Instructions for the task:
If a line in the entries below holds the string "Linen", copy it.

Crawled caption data

• • •

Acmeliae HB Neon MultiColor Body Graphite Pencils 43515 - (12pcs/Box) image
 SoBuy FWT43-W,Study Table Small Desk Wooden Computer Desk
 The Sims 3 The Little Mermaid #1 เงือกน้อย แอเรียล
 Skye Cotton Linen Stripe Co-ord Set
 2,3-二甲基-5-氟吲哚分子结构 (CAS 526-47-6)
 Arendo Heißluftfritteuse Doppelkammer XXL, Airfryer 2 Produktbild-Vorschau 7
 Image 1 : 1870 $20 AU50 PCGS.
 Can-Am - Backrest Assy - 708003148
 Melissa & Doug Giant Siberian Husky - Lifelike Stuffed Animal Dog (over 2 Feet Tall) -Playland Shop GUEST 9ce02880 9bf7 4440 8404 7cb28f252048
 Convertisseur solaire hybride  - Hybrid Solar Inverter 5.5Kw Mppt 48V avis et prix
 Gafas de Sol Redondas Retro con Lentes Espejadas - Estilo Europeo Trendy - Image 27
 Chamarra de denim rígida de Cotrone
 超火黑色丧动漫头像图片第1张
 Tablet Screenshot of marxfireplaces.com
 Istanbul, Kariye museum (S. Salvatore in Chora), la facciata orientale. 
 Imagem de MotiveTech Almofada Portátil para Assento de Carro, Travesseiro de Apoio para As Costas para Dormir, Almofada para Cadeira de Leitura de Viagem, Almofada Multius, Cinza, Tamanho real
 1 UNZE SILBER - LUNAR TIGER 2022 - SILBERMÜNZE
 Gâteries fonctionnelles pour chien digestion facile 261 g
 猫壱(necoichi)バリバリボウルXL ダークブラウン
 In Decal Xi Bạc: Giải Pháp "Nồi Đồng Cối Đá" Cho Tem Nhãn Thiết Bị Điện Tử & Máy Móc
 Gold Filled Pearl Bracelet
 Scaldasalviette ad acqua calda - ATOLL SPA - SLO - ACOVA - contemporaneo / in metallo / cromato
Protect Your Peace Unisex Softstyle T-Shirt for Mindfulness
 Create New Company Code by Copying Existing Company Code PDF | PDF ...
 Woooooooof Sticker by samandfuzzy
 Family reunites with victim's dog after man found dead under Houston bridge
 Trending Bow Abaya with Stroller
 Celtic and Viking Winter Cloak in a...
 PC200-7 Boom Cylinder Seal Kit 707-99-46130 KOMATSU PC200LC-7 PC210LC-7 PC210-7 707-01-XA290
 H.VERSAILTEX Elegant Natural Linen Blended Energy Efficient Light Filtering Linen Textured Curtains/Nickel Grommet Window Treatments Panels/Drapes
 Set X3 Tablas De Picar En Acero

• • •

Output:
 Skye Cotton Linen Stripe Co-ord Set
 H.VERSAILTEX Elegant Natural Linen Blended Energy Efficient Light Filtering Linen Textured Curtains/Nickel Grommet Window Treatments Panels/Drapes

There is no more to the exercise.